‘Youth must take lead in protests against CAA’

Around 1,000 youths take part in first large-scale rally in Bhopal against the contentious law

December 30, 2019 01:24 am | Updated 01:25 am IST - Bhopal

Students taking out a rally against the Citizenship (Amendment) Act in Bhopal on Sunday night.

Students taking out a rally against the Citizenship (Amendment) Act in Bhopal on Sunday night.

“Our children will ask us what we did to save the Constitution when it was being toyed with through the Citizenship (Amendment) Act. So, the youth need to take to the streets and lead,” says Osama Shameem, a former student of Aligarh Muslim University.

Now a banker, Mr. Shameen along with a thousand youths, including students, took part in the first youth-led large-scale march in Bhopal against the Act and the proposed nationwide implementation of the National Register of Citizens (NRC), on Sunday night.

‘Raising our voice’

“We’re here not just to oppose the Act, but raise our voice against hate crimes and police brutality inflicted on students across the country in an attempt to suppress dissent, which a right guaranteed to us by the Constitution,” says Aurangzeb Azam, a mechanical engineer, who coaches engineering aspirants.

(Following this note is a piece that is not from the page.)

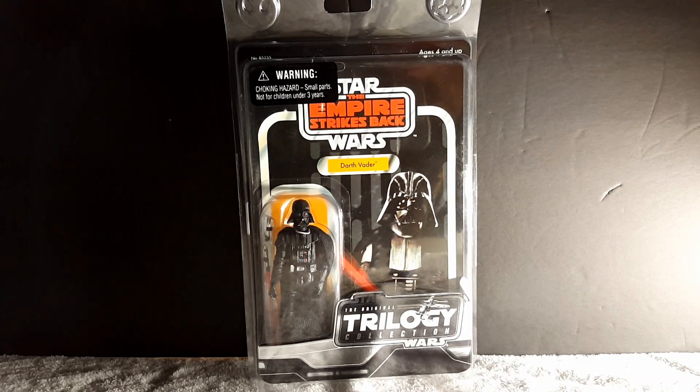Hey, what's going on Star Wars fans? Jesse here, welcome back to the Imperial Academy. If this is your first time watching, go ahead and hit subscribe, like, and comment after the video — let me know what you think. So this is the last figure that I have of the Original Trilogy Collection.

Calling upon the Centre to make its stand clear on the NRC, Mr. Azam says, “The government is deliberately creating confusion. On the one hand, Home Minister Amit Shah said in Parliament the NRC will be implemented nationwide, on the other Prime Minister Narendra Modi said it wouldn’t. This assurance rings hollow and creates more confusion.”

Holding placards and the national flag, the protesters, under the aegis of the Joint Action Committee Against CAA and NRC, began the march from the Gauhar Mahal along the Upper Lake at 8 p.m. and culminated at the Taj-ul-Masajid mosque in the old city, where they staged a sit-in on the staircase at the entrance.

A former student of the Jamia Millia Islamia, New Delhi, Hasan Qureshi, now a businessman, alleges that the Centre is making “concerted efforts” to lend the issue a communal tinge.

“Official documents state the National Population Register is the first step to the NRC, while the government maintains it hasn’t even discussed the NRC. Does Mr. Modi even know what’s going on in his government?” asks Mr. Qureshi.

On the unrelenting nature of protests across the country despite clampdown by authorites, Sana Azhar, a student of psychology, says, “If we stop raising our voice, the government will continue inflicting its unconstitutional policies on us. Therefore, the movement must continue.”

Echoing her, Mohsin Ali Khan, an organiser of the march, says the protests will continue until the Centre rolls back the “unconstitutional” law. “We’ll sit on roads, shut our businesses if required, until our demands are met. We are starting the youth-led protests from Bhopal, as it’s the State capital, and will take it to other cities,” he adds.

‘Equality guaranteed’

When the Constitution guarantees equality, he says, the government is attempting to “drive a wedge” between different communities. “Not just Muslims, people from several faiths are present at the protest. No one can break us,” he says. Stating that the protesters are inspired by freedom fighter Bhagat Singh, Ainul Yaqeem, a local student activist said, “Since the government is asleep, there is a need to wake it up. Not through violence, but student-led movements.”